From CBC's Elliotte Friedman after talking to Mike Murphy from the NHL
"[Referee Mike] Leggo waves it off when the puck hits the post and starts to come to the net as a scramble develops. [In the NHL's video review room in Toronto] we're still looking at the puck off the post, then see the play with Leggo approaching net, putting the whistle in his mouth and he waves aggressively.
"The optics would have been better if we got him to put on the headset and asked what he was seeing... We spoke after the game, I told him it did go in, we probably would get some pushback and should have gotten him over [to the headset] for the optics of the review."
Interestingly, the review would have happened before the league office actually knew the puck was in the net.
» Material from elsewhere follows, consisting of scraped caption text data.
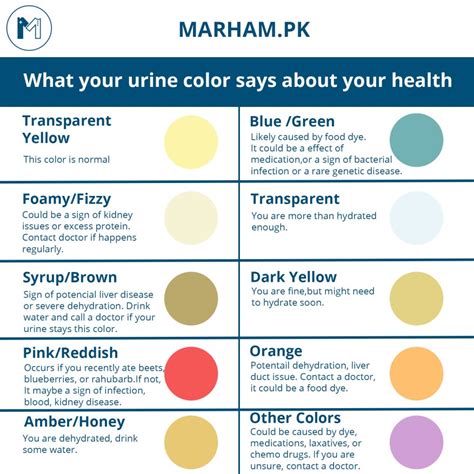 Understanding the Causes: Exploring the Medical Reasons Behind Purple Urine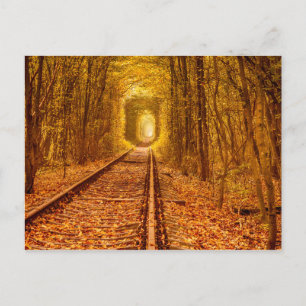 Carte Postale Tunnel ferroviaire de la forêt d'Ukraine Amour Pay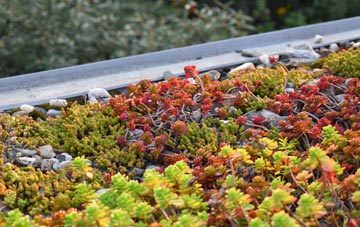 the cost of Blakeney green roof installation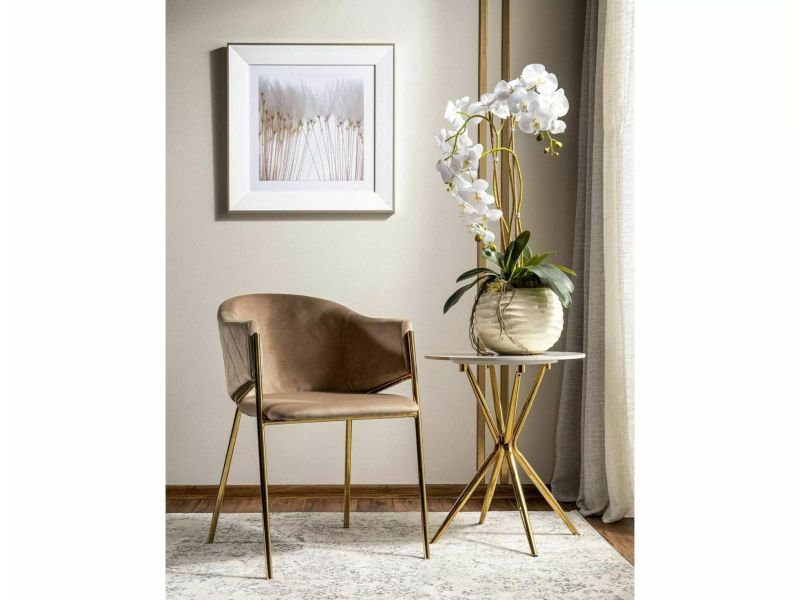 S-Azalia Coffee Table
It's not uncommon to review shots off the post or wild scrambles near the line, but like San Jose's broadcast team (Buffalo's didn't show it), Murphy and his mates didn't realize it was a goal until after play resumed. A goal cannot count in that situation.
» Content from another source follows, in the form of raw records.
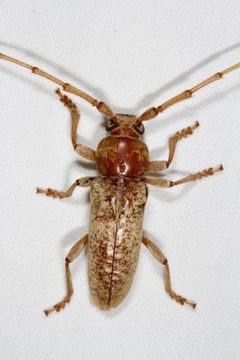 Enaphalodes rufulus by (c) Joshua Ebright, some rights reserved (CC BY), uploaded by Joshua Ebright. Used under a CC-BY license.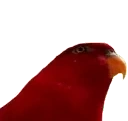 BirbGun emote for Discord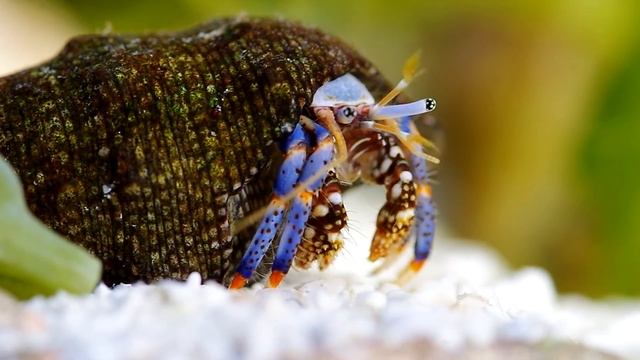 Dwarf Blue Leg Hermit Crab смотреть онлайн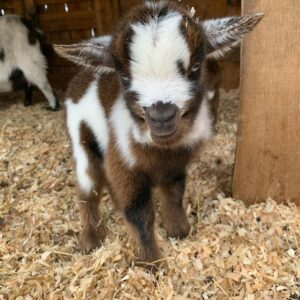 Buy Nigerian Dwarf Goats/https://goatforsale.org/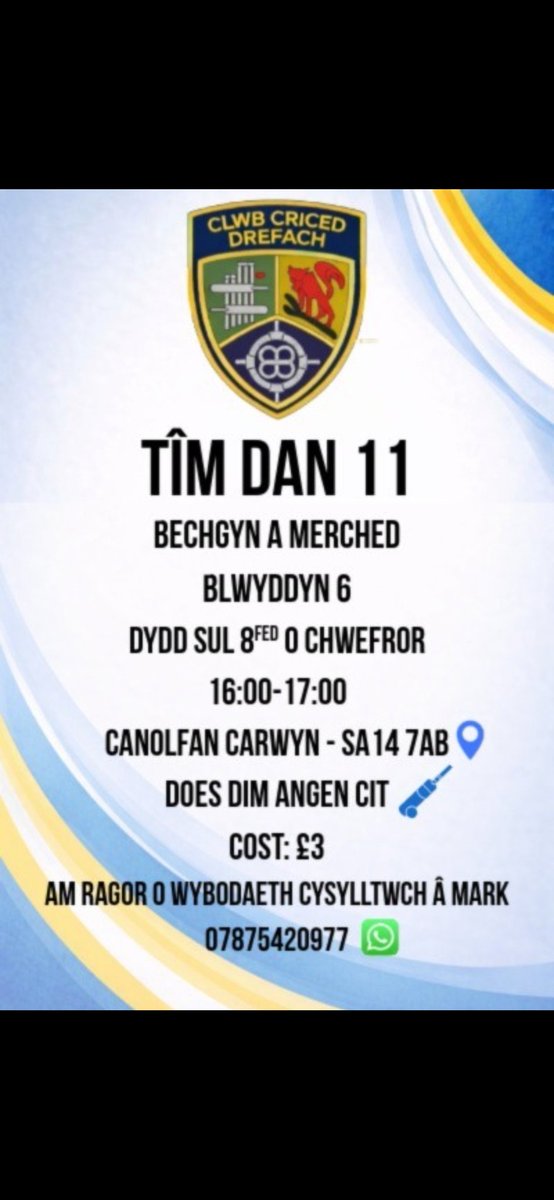 Drefach Cricket Club tweet media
Despite all this, Murphy is adamant it was the right call under Rule 78.5.
"Had we called a goal against Buffalo it would have been wrong, because it shouldn't have been a goal," he said. "We should have done the headsets, because any controversy would have died. This type of play is not a rarity."
Now from me..
...you see Rule 78.5 states a goal shall be disallowed when,
(xii) When the Referee deems the play has been stopped, even if he had not physically had the opportunity to stop play by blowing the whistle.
The whole "well I meant to or I was intending to blow the whistle."
The NHL's version of a Cover Your .. Well you know.
Mike Murphy's explanation of Mike Leggo's reasons for not calling a call that should have counted doesn't come close to what I saw, but 10 people can watch a play and come up with 10 different versions of the event.
However one time I would love the NHL to "own it". Just one time admitting that they booted the call.